The forecast highlighted the demand, supply, resources, utilization and investment trends in the MENA region, covering both hydrocarbons exporting and importing.
The report also emphasizes that factors such as technological and infrastructural limitations as well as political and economic instabilities positively affect the underutilization of natural resources in eco-rich MENA countries.
Like in Egypt, the political instability plagues the country, whose domestic oil consumption has grown by over 30% over the last decade with government investment budgets of around a $100 billion.
The report underlined the steps taken by the Moroccan government to tap into its hydro and solar resources for power generation in an attempt to meet rising power demands, the growth steadily rising at an average rate of 7%.
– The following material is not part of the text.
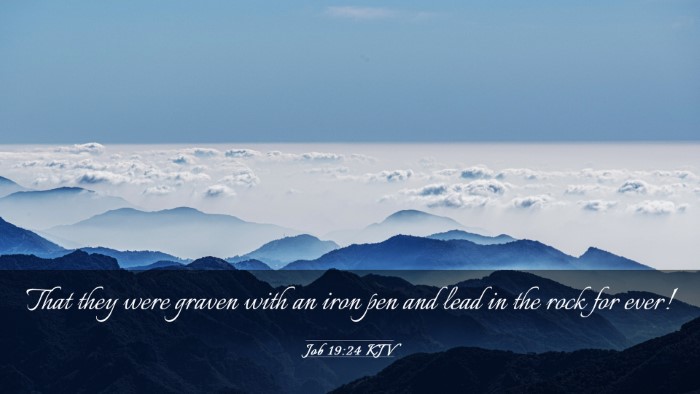 Picture 03 - Job 19:24 KJV Desktop Wallpaper - That they were graven with an iron pen and lead - Desktop Bible Verse Wallpaper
Natural gas demand (225 million cubic feet per day) outstrips supply (255 million cubic feet) in Jordan who is dependent on neighboring Egypt for all its gas supplies.
Iran also emerges as the leader in natural gas and oil reserves in the MENA region and these resources being key source of foreign exchange income and fiscal revenues. It has also underutilized solar energy that could possibly be used for power generation.
Political infrastructural instability haunts Iraq that has announced $28 billion of investments in power sector.
The report emphasizes the prominent position of the MENA region in the world’s oil and natural gas reserves: 57% collective oil and 41% natural gas reserves collectively but population and economic growth putting added pressure on power generation in the sector.